Machine Learning Data Analyst

You will design, build, and maintain automated data pipelines for collection, labeling, validation, and metric computation to support ML training and evaluation. You will establish and monitor data and labeling quality standards, perform accuracy audits and root-cause analysis, and implement automated model evaluation metrics and reporting.
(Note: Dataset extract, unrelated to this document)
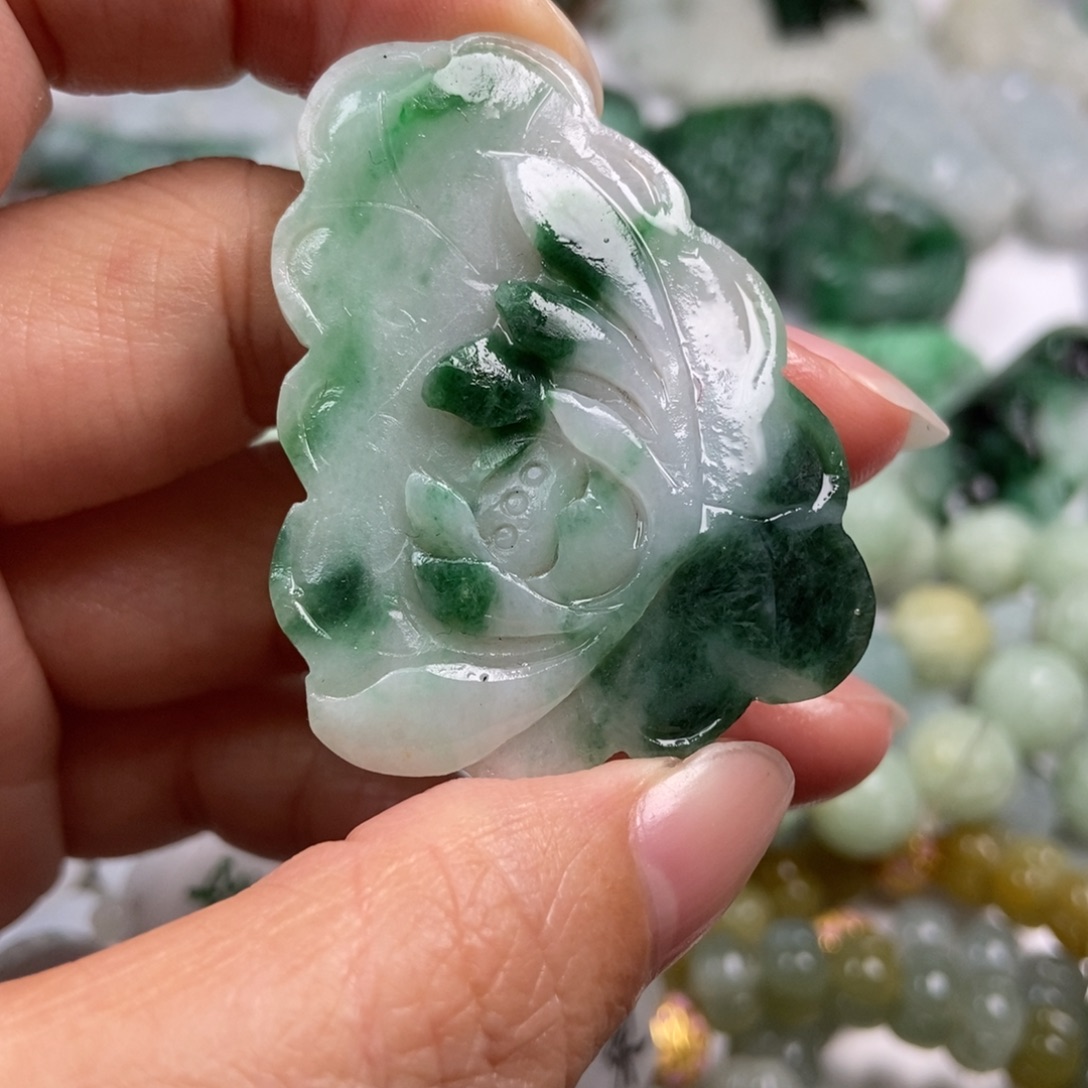定制翡翠未镶嵌翡翠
You will build scalable systems for performance tracking, dashboards, and monitoring, develop and operate workflow orchestration (Airflow, Prefect, or similar), write clean Python and performant SQL for large datasets (including Redshift and related AWS tooling), and collaborate with ML engineers, analysts, and product stakeholders to prioritize work and unblock execution.

Responsibilities

  • Design, build, and maintain automated data pipelines for collection, labeling, validation, and metric computation that support ML training and evaluation
  • Establish and monitor data and labeling quality standards and drive consistency checks, accuracy audits, and root-cause analysis
  • Define, implement, and automate model evaluation metrics and reporting that reflect real-world product use cases and business goals
  • Build scalable systems for performance tracking, dashboards, and monitoring to enable fast, data-driven decisions
  • Develop and operate reliable workflow orchestration (Airflow, Prefect, or similar) to schedule, observe, and troubleshoot end-to-end pipelines
  • Write clean, maintainable Python code and performant SQL to process large datasets, leveraging AWS Redshift and related AWS tooling
  • Partner closely with ML engineers, analysts, and product stakeholders to prioritize work, unblock execution, and improve internal tooling for analysis and evaluation

Requirements

  • 3+ years of experience as a Data Analyst or in a similar data infrastructure role
  • Strong Python programming skills with focus on clean, maintainable code
  • Solid SQL expertise and experience with cloud or columnar databases such as AWS Redshift
  • Hands-on experience with workflow orchestration tools such as Airflow, Prefect, or Dagster
  • Proven experience in data quality management, data preparation, or ML data pipelines
  • Understanding of metric computation, data labeling, and automation in ML workflows
  • Strong collaboration and problem-solving skills
  • Background in mathematics, physics, or engineering

Benefits

  • Flexible working hours and workplace
  • Open vacation policy